Sanssouci: Vorschlag
■ Interacitve Groove: Courtney Pine im Quasimodo
Das Rohgerüst zu seiner neuen CD „Modern Day Jazz Stories“ hat er an seinem Macintosh Computer gebaut. „Und wenn man dann genau hinhört, wie die Band das Ganze später eingespielt hat, scheint es mir, als schreie die Software ,Blasphemie!‘“, schreibt Pine in den liner notes. Kurz gesagt: Herausgekommen dabei ist das neben Ornette Coleman, Steve Coleman und Gary Thomas bemerkenswerteste Experiment in Sachen Jazz und HipHop in diesem Jahr.

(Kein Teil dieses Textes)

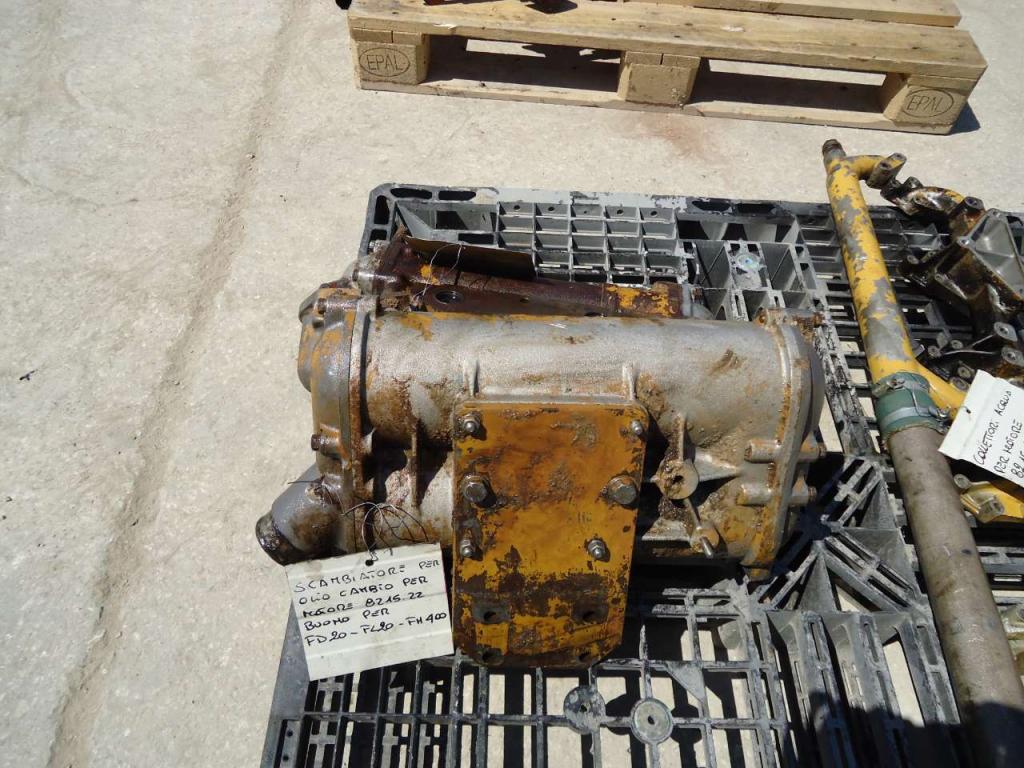 Oil heat exchanger for FD20-FL20-FH400 Photo 2
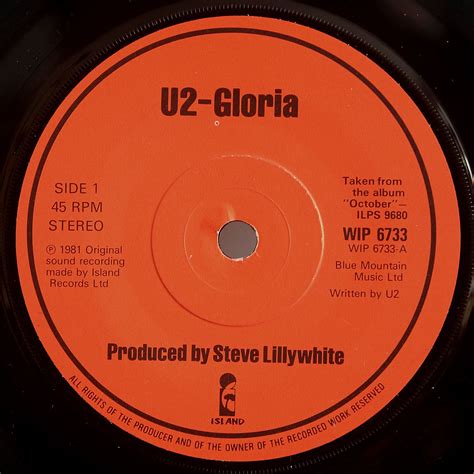 Gloria - U2 Collector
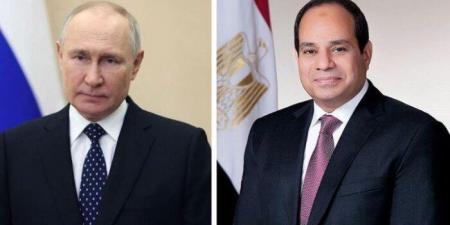 السيسى وبوتين يشاركان اليوم فى فعالية تركيب وعاء ضغط المفاعل للوحدة النووية الأولى - المصدر 7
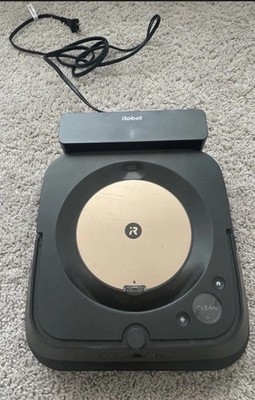 iRobot Braava Jet M 6 Robot Mop - Black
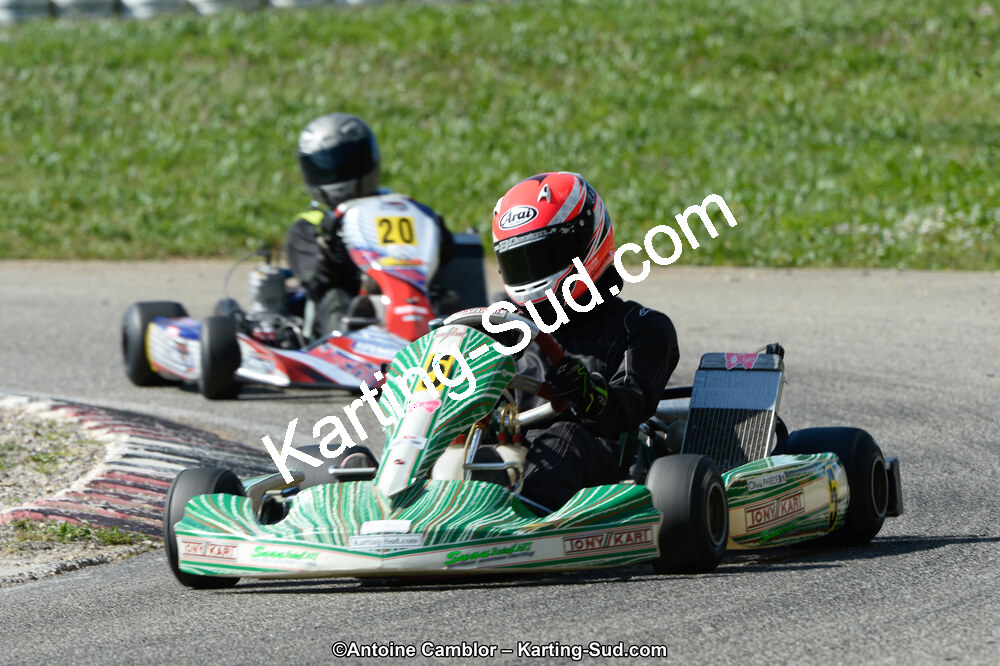09 & 10/04/2016 : 2ème manche du Championnat du Sud 2016 à Alès (Photos Antoine Camblor) 2016 — karting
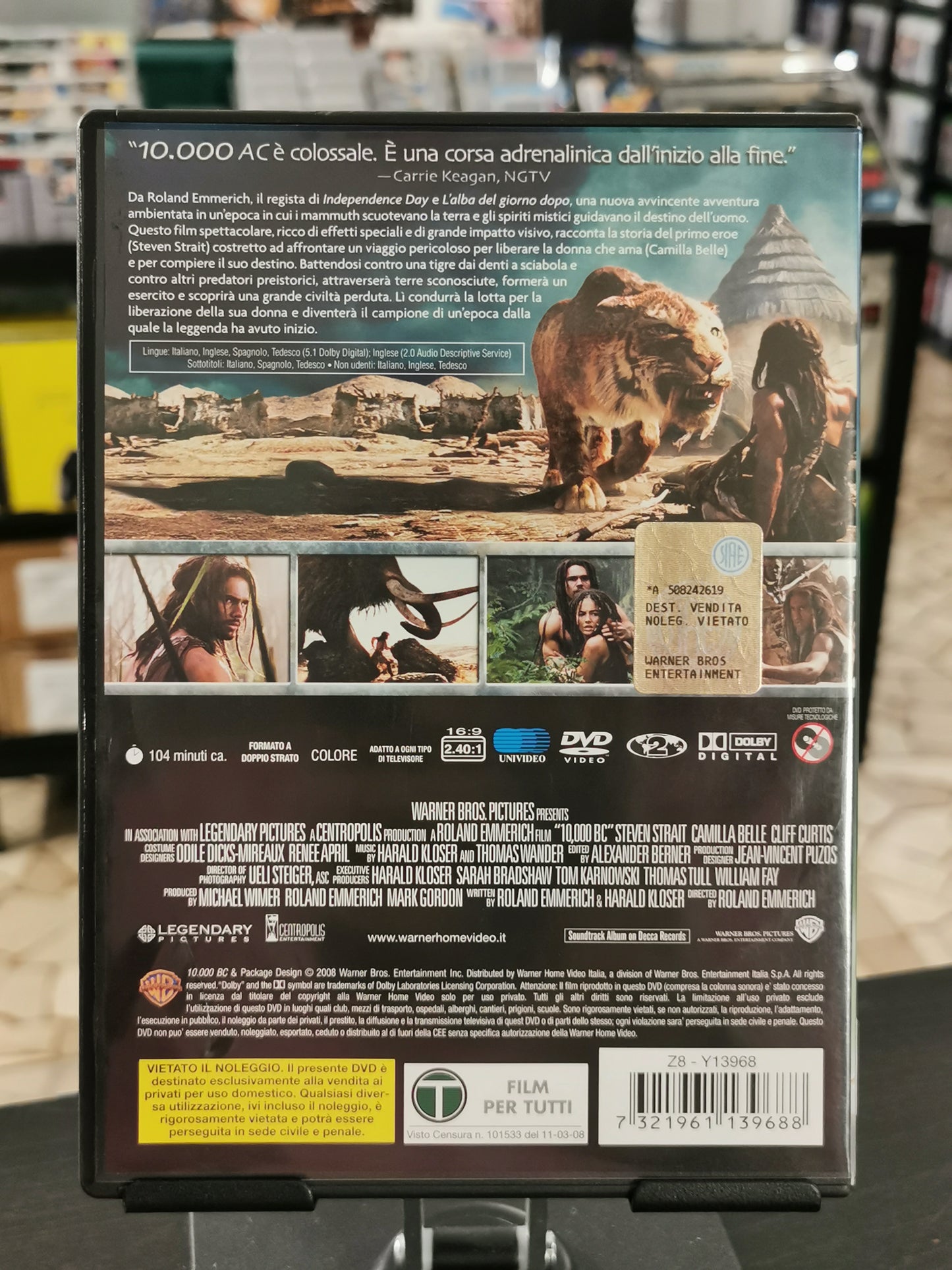 10.000 AC (DVD)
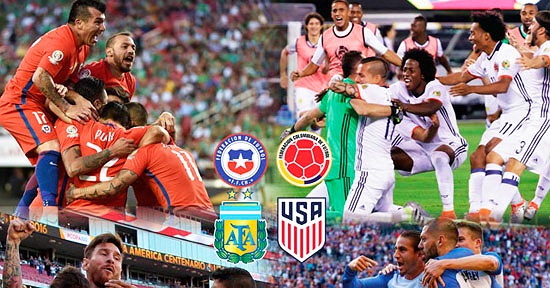 Lịch thi đấu Copa America 2016: Nóng bán kết Mỹ - Argentina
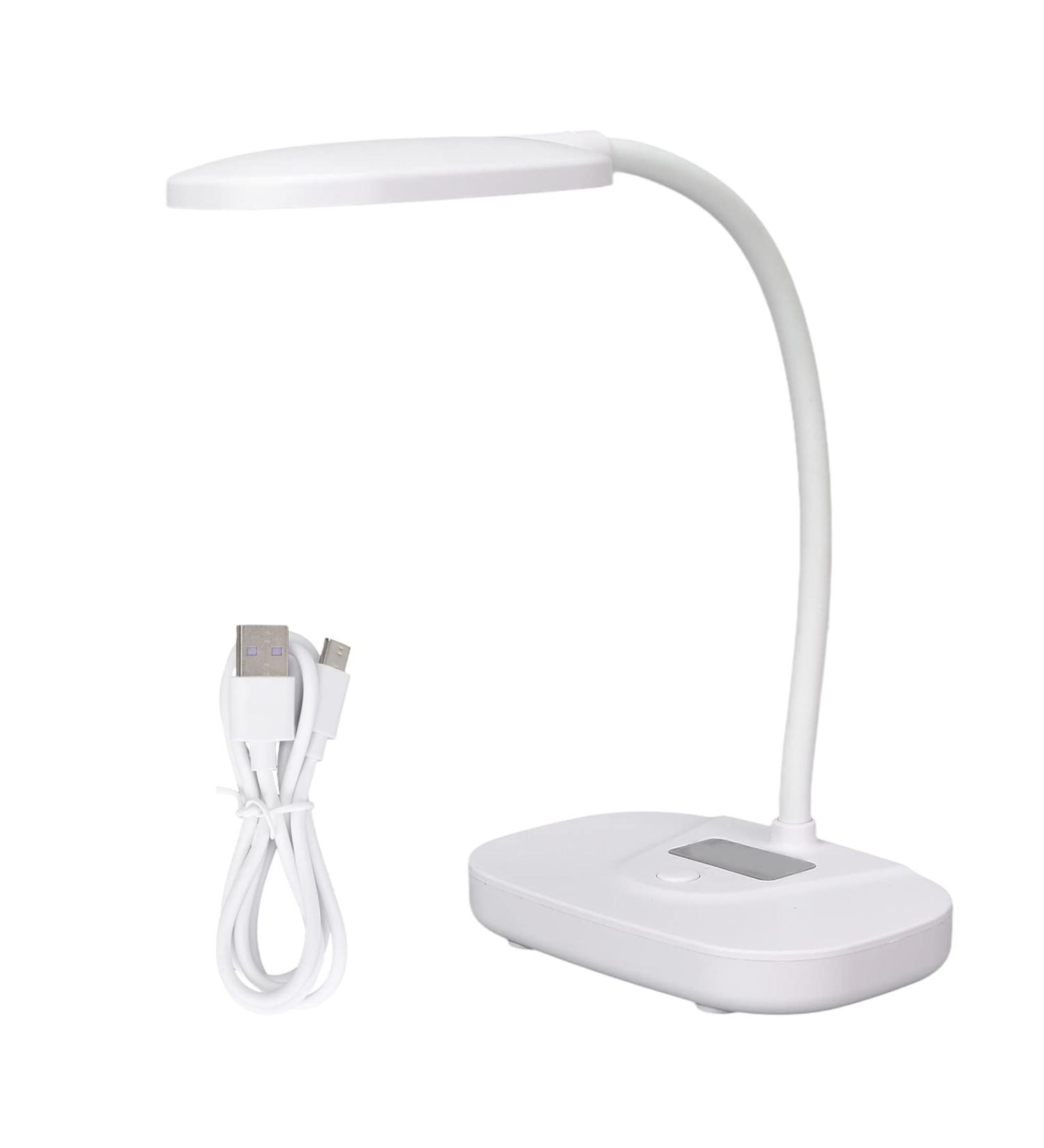 Anggrek LED Nail Lamp - Foldable Portable Nail Polish Dryer with Even Lighting & Eye Protection for Home & Salon Use - Buy Online on GoSupps.com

Bemerkenswert deshalb, weil Pine nicht einfach nur sich selbst covert wie Guru; weil Pine weiß, warum Herbie Hancocks „Dis Is Da Drum“ floppen mußte; weil Pine sich traute, gänzlich auf das zu verzichten, womit andere die Tür zu einem größeren Publikum öffnen wollen – auf die Vorzeige-Rapper. Gerade die haben sich bislang noch meist als Typen erwiesen, von denen Jazzer offenbar wenig wissen. Nach Pines Fazit würden sich fast alle Jazzmusiker in HipHop-Zusammenhängen zu Sidemen auf ihren eigenen Platten degradieren. Die Interaktion fehle. HipHopper kümmerten sich nach wie vor nicht um Jazz und umgekehrt, und ebendeshalb stoppt das Saxophon, wenn der Rap beginnt. US3 und Guru haben kaum bewirkt, daß sich deren Publikum mehr für die Musik von Miles Davis oder Thelonius Monk interessiert, meint Pine, der gerade erst mit Guru auf Tour war und auch bei dessen aktueller CD „The New Reality“ mitmischte.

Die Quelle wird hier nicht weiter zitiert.